**Exercise:**
Please repeat the entries below exactly as written, leaving out any images.

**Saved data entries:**
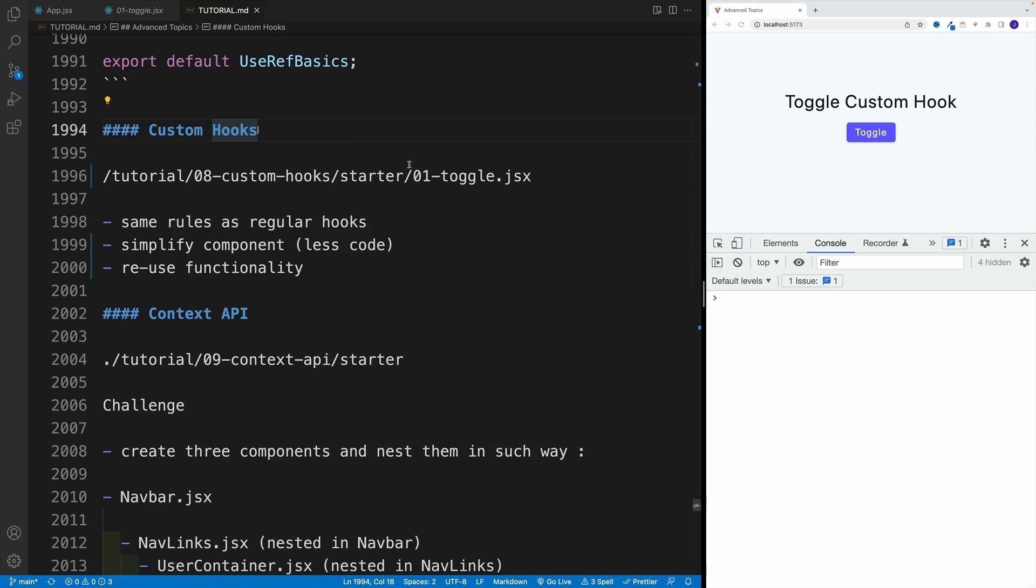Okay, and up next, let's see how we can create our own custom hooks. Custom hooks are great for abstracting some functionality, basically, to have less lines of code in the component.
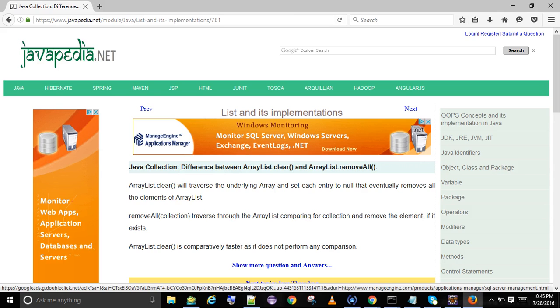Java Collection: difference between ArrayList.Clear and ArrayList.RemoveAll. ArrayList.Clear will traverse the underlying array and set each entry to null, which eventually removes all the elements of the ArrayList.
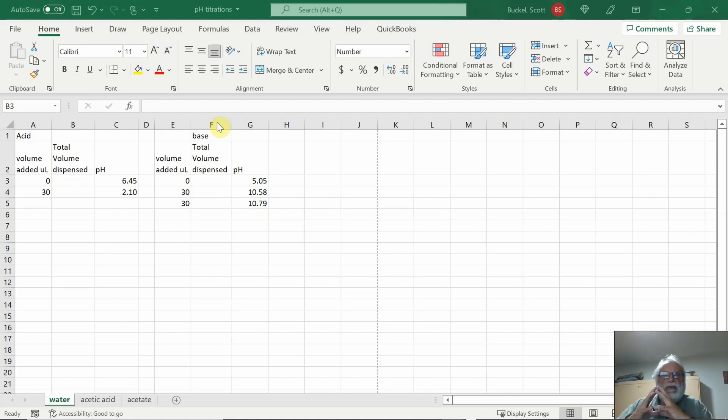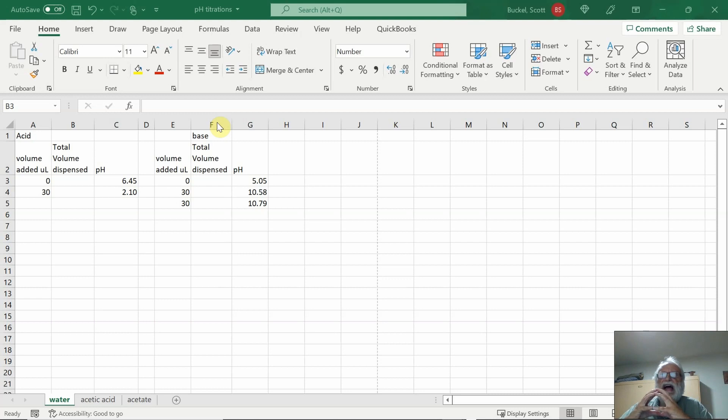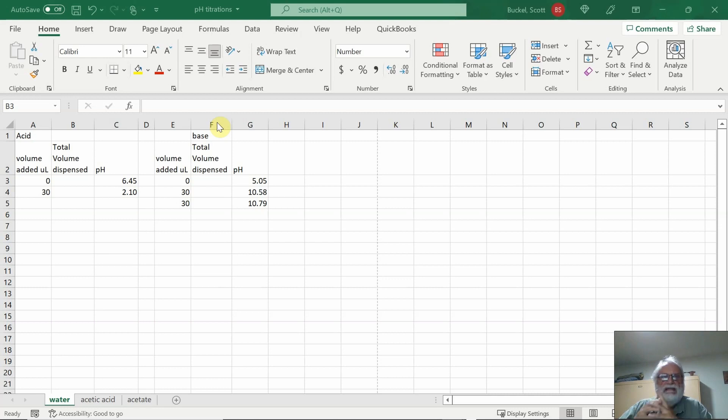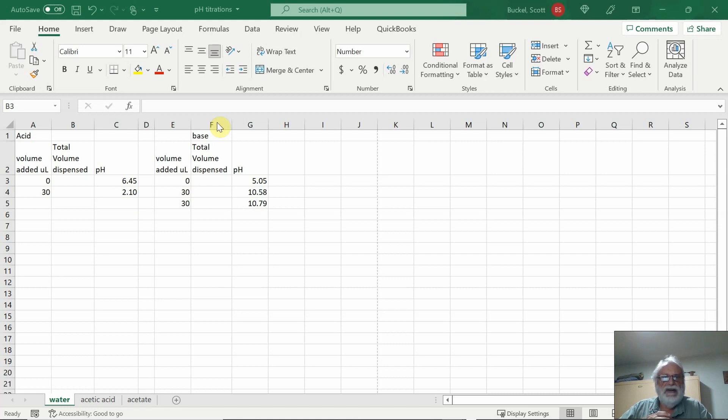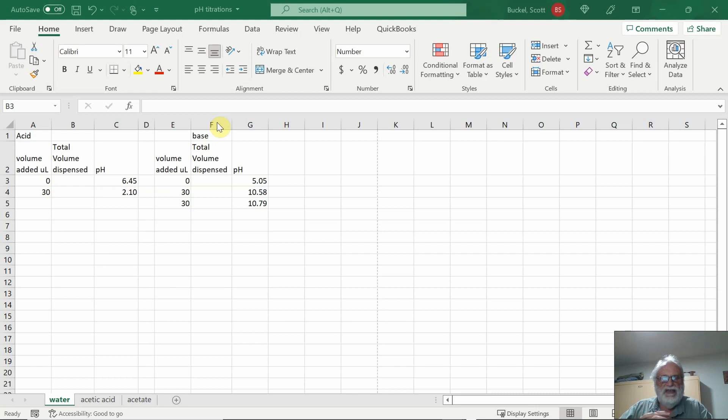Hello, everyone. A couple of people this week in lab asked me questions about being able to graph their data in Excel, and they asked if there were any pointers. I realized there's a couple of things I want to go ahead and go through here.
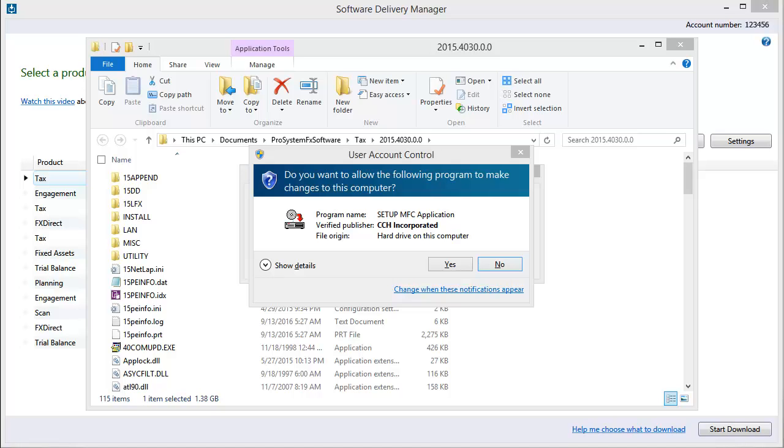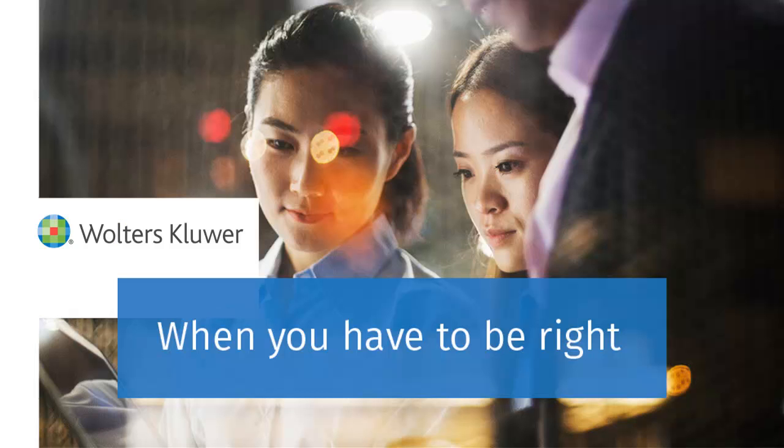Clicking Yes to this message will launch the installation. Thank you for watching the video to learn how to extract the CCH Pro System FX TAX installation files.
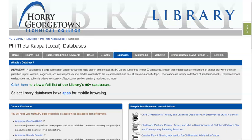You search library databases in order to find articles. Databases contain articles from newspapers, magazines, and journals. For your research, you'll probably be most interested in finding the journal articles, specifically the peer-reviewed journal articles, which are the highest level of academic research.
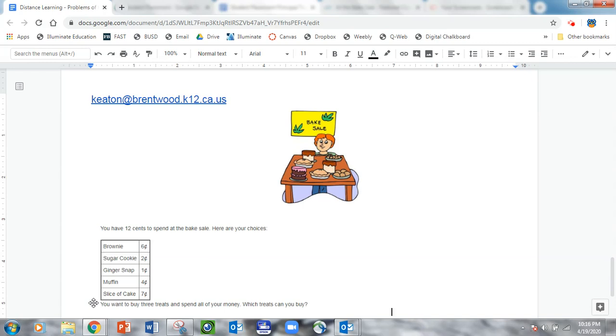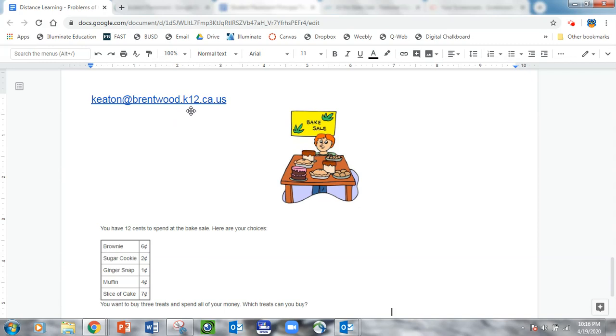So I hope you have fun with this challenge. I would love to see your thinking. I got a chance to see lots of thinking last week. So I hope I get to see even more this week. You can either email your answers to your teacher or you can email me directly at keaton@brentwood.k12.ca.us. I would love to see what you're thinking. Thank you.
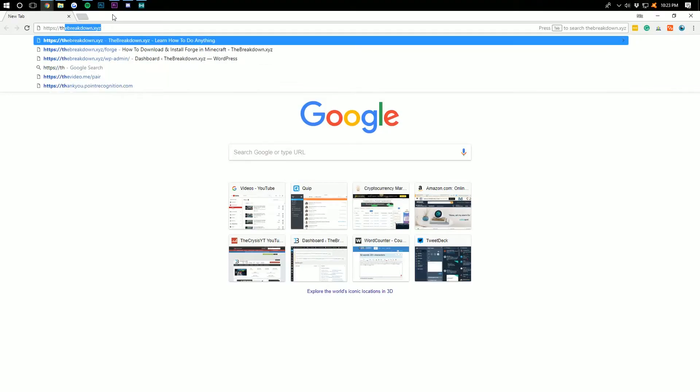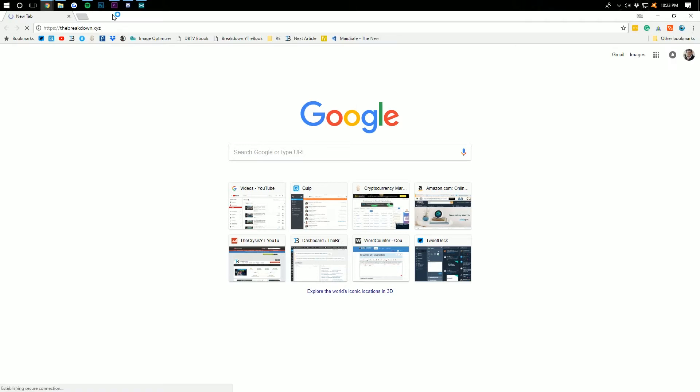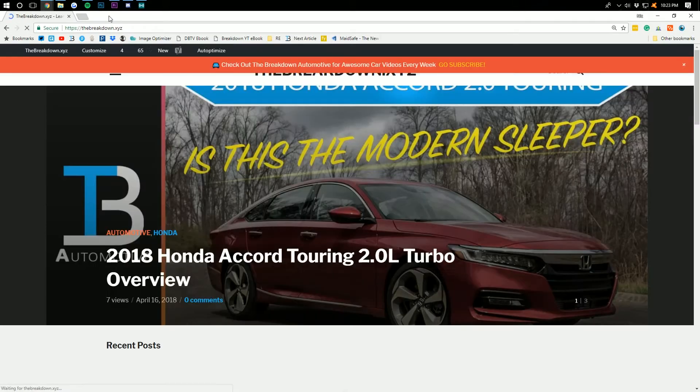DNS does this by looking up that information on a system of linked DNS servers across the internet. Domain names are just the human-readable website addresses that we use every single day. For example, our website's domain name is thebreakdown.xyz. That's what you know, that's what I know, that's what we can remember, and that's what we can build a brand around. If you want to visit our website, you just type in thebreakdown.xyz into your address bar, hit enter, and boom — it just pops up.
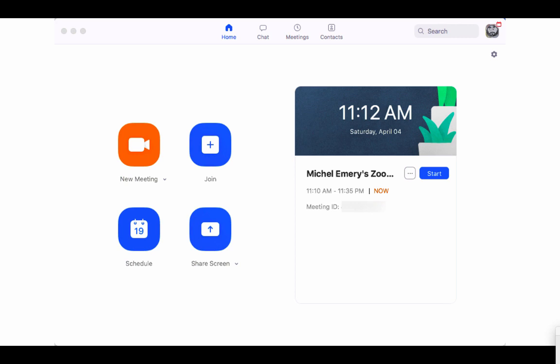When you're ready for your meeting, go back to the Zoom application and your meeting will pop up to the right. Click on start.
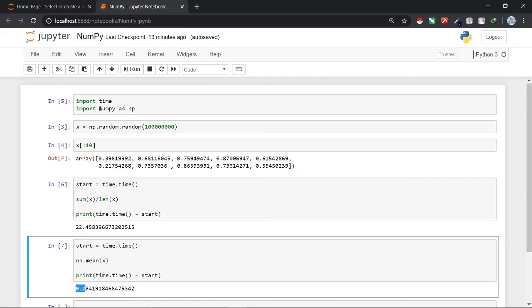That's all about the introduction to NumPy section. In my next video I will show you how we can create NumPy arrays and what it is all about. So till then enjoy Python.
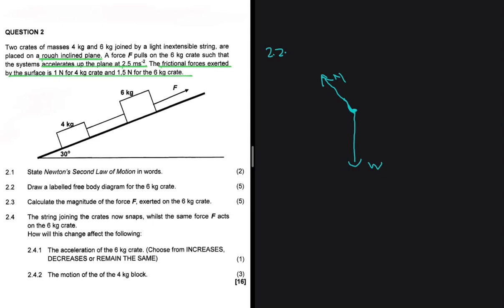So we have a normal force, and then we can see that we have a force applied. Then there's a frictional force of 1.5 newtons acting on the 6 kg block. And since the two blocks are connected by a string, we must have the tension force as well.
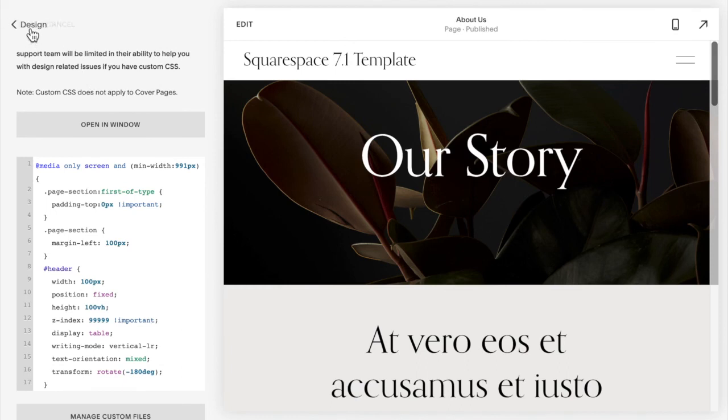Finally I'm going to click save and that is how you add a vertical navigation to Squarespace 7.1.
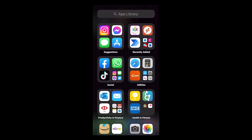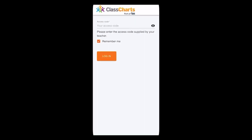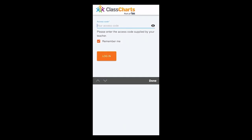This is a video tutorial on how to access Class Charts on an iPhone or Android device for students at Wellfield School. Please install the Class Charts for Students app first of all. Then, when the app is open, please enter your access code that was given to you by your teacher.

**Answer to this exercise:**
Okay, and up next, let's see how we can create our own custom hooks. Custom hooks are great for abstracting some functionality, basically, to have less lines of code in the component.
Java Collection: difference between ArrayList.Clear and ArrayList.RemoveAll. ArrayList.Clear will traverse the underlying array and set each entry to null, which eventually removes all the elements of the ArrayList.
Hello, everyone. A couple of people this week in lab asked me questions about being able to graph their data in Excel, and they asked if there were any pointers. I realized there's a couple of things I want to go ahead and go through here.
Clicking Yes to this message will launch the installation. Thank you for watching the video to learn how to extract the CCH Pro System FX TAX installation files.
You search library databases in order to find articles. Databases contain articles from newspapers, magazines, and journals. For your research, you'll probably be most interested in finding the journal articles, specifically the peer-reviewed journal articles, which are the highest level of academic research.
So I hope you have fun with this challenge. I would love to see your thinking. I got a chance to see lots of thinking last week. So I hope I get to see even more this week. You can either email your answers to your teacher or you can email me directly at keaton@brentwood.k12.ca.us. I would love to see what you're thinking. Thank you.
DNS does this by looking up that information on a system of linked DNS servers across the internet. Domain names are just the human-readable website addresses that we use every single day. For example, our website's domain name is thebreakdown.xyz. That's what you know, that's what I know, that's what we can remember, and that's what we can build a brand around. If you want to visit our website, you just type in thebreakdown.xyz into your address bar, hit enter, and boom — it just pops up.
When you're ready for your meeting, go back to the Zoom application and your meeting will pop up to the right. Click on start.
That's all about the introduction to NumPy section. In my next video I will show you how we can create NumPy arrays and what it is all about. So till then enjoy Python.
So we have a normal force, and then we can see that we have a force applied. Then there's a frictional force of 1.5 newtons acting on the 6 kg block. And since the two blocks are connected by a string, we must have the tension force as well.
Finally I'm going to click save and that is how you add a vertical navigation to Squarespace 7.1.
This is a video tutorial on how to access Class Charts on an iPhone or Android device for students at Wellfield School. Please install the Class Charts for Students app first of all. Then, when the app is open, please enter your access code that was given to you by your teacher.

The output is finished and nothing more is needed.